SEC Media Days: Hugh Freeze Discusses Difficulty Of Restoring 'Faith' To Auburn Football In Wake Of Bryan Harsin

NASHVILLE — Hugh Freeze is back in the SEC for the first time since his ousting at Ole Miss in 2016. The 53-year-old will begin his first season as head coach of Auburn football against UMass on September 2.


It's good to be back!

In the meantime, Freeze is working hard to bring "faith" back to the Tigers program. It has been a big point of emphasis over the course of his first eight months on The Plains.

Freeze's predecessor, Bryan Harsin, spent just two years with the program and won nine of 21 games. There was a palpable lack of excitement surrounding the hire before the former Boise State coach stepped in the door and it continued throughout his brief tenure.

Auburn got tired of Harsin, and fast. Boosters tried to get him out with false stories about off-field affairs, but failed. The school opened an investigation into the culture under his leadership, but found nothing.

Harsin managed to keep his job throughout all of the chaos. It was the consistent losing that saw the school kick him to the curb before the end of the 2022 season.

And then, despite controversy surrounding the decision, Freeze was hired at the end of November.

Hugh Freeze is tasked with restoring faith.

Although Harsin was able to stay at Auburn longer than anyone would have expected, it came with a cost. The entire program was deflated. There was no hope.

In that lack of ambition lied Freeze's first order of business. He needed to bring that energy back.

He spoke to the challenge at SEC Media Days on Tuesday. When he stepped into the job on Day 1, Freeze knew that he had to rebuild the culture his way, not Harsin's way— though he chose not to address the previous coaching staff.


Our culture is based on faith, attitude, and mental toughness, integrity and love and what do those things mean to us. Faith, obviously that's a word that can mean a lot of different things for a lot of different people, and certainly it means something for me, and the bottom line is if we aregoing to reestablish Auburn being what Auburn should be, we must have faith in each other.

That "faith" is three-fold, and he felt as though it was no longer there when he arrived. Freeze was not even talking about faith in the Lord, which is something that he keeps at the forefront as well.

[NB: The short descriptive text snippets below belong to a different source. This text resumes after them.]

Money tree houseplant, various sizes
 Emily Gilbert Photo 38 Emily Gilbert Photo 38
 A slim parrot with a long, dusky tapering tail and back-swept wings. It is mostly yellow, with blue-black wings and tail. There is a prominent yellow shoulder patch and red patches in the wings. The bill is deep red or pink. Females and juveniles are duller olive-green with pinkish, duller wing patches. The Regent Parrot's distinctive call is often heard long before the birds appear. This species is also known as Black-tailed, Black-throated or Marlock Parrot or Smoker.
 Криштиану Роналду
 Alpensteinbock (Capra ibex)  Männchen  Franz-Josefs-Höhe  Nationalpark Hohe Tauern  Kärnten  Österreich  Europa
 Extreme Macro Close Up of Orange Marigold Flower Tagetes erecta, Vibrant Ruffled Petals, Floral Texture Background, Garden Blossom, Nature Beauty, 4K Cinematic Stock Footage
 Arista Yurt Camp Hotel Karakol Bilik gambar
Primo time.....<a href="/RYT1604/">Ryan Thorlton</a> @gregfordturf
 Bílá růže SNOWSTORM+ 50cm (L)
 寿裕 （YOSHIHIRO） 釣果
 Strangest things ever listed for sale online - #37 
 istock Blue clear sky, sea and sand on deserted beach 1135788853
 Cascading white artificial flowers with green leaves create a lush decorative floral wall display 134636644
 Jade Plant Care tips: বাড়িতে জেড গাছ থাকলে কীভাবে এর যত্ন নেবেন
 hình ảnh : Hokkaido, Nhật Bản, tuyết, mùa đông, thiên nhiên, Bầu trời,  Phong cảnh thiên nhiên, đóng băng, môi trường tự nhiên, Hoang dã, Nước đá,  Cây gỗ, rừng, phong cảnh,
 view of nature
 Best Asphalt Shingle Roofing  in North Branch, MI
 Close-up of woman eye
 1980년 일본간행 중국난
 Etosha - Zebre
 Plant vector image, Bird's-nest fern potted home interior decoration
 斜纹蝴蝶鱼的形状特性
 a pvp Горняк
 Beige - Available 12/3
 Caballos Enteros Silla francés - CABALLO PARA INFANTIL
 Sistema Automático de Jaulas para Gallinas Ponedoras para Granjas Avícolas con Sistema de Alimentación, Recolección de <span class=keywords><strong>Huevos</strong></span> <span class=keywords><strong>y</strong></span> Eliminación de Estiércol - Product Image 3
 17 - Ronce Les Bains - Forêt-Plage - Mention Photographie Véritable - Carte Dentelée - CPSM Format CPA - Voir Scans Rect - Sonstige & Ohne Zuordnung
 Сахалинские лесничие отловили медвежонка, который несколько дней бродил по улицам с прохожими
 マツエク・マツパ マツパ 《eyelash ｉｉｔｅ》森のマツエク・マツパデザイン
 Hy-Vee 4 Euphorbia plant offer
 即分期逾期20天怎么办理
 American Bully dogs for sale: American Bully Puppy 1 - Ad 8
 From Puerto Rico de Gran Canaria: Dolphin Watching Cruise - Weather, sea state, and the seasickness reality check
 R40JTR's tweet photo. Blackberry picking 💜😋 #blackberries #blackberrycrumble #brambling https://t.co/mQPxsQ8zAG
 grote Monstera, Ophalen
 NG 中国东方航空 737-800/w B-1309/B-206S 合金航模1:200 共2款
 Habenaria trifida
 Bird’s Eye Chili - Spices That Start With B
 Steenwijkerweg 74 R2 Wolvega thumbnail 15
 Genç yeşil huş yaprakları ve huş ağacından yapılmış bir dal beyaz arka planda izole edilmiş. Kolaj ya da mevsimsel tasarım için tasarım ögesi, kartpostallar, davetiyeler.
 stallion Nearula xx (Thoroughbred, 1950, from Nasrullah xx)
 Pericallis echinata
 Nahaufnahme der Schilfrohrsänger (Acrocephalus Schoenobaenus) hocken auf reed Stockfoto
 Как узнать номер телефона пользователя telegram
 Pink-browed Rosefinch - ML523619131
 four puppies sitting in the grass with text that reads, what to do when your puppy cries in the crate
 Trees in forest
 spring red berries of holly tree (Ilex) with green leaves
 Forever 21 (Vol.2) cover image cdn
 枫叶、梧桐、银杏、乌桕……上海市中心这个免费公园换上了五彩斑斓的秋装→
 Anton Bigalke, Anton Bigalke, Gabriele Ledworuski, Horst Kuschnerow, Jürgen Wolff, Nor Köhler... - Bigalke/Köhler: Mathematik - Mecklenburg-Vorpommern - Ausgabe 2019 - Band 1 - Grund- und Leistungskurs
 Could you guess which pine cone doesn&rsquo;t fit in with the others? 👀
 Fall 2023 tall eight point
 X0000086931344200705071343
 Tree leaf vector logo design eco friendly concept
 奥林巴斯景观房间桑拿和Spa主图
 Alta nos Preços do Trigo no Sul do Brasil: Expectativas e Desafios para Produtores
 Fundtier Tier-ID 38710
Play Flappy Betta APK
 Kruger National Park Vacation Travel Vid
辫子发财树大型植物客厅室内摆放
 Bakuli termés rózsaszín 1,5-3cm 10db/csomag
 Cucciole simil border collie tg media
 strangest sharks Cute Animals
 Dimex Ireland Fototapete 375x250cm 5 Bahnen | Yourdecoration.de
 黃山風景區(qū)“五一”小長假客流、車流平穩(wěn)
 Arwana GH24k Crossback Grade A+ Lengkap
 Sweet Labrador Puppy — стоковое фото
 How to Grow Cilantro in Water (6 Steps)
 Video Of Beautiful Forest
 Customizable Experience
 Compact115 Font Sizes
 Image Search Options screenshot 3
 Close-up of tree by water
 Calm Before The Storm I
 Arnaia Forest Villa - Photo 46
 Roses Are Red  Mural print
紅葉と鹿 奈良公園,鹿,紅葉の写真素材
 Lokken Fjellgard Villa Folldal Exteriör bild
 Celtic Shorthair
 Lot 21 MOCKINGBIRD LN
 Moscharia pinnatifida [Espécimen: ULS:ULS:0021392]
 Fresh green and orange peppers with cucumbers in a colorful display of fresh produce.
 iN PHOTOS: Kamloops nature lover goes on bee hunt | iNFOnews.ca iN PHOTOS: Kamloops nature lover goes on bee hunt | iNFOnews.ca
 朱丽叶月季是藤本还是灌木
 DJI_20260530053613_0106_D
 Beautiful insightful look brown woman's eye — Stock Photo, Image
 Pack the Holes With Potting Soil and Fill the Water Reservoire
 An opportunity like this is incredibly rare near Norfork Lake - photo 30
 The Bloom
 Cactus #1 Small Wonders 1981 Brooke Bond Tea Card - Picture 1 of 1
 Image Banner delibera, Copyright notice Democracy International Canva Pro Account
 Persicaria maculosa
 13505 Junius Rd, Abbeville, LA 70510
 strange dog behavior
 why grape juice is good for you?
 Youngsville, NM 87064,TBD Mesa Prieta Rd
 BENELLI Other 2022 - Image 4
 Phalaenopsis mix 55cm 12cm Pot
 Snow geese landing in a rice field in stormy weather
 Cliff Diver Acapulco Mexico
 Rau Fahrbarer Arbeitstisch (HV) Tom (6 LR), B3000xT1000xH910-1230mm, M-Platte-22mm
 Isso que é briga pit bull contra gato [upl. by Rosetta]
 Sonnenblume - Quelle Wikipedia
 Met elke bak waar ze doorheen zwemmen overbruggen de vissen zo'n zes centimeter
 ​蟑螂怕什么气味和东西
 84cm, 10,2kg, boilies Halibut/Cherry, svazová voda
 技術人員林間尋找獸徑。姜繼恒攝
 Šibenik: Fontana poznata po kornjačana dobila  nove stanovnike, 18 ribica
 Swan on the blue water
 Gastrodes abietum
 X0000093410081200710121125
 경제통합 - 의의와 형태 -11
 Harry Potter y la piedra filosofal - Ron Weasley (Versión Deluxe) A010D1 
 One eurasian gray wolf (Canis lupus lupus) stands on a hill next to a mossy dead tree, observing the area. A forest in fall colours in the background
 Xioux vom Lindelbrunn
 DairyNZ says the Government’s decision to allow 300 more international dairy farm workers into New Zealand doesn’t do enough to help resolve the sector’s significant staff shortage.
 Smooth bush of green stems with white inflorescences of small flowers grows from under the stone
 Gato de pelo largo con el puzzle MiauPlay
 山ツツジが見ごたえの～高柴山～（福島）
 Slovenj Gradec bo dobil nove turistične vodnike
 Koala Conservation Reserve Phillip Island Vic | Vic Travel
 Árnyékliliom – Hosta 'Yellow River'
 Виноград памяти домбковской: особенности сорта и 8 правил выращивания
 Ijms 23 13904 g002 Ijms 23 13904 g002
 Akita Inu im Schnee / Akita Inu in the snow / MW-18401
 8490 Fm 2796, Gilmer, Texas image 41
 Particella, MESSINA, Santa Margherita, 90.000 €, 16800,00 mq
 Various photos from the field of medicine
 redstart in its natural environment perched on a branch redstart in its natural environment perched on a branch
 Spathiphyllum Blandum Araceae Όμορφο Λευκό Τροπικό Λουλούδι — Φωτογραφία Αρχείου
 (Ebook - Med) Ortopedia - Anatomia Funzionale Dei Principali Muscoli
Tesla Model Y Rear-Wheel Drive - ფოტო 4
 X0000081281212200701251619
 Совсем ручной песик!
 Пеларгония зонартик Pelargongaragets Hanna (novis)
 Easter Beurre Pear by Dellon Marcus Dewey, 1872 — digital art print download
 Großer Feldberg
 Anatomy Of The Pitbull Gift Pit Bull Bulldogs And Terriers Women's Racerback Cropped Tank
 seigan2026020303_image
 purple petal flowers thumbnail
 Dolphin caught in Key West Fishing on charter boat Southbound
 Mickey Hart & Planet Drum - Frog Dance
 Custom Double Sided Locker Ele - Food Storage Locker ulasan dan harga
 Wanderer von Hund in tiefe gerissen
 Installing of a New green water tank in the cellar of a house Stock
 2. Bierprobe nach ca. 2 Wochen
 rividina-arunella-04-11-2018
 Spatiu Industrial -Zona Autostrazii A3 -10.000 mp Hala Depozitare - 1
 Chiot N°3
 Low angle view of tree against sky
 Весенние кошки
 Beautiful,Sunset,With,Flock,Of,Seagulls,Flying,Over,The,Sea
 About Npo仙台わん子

That means faith in our administration, that means faith in our coaching staff, faith in the guy that lines up next to you, and that's probably where it needed to begin, because I think that was lost for whatever reason, and I'm not one to -- when I don't walk in someone else's shoes, I'm very careful not to judge or not to have an opinion that's not based in something that I really don't know.
But I did sense coming in that the faith in the whole family of Auburn football was fractured somewhat, and I think that is where I had to start in trying to repair that.

There are a lot of question marks surrounding Auburn in 2023. Freeze even went so far as to say that he has never had so many unknowns entering fall camp.

With that being said, before he could get to those answers, bringing faith back to the Tigers came first.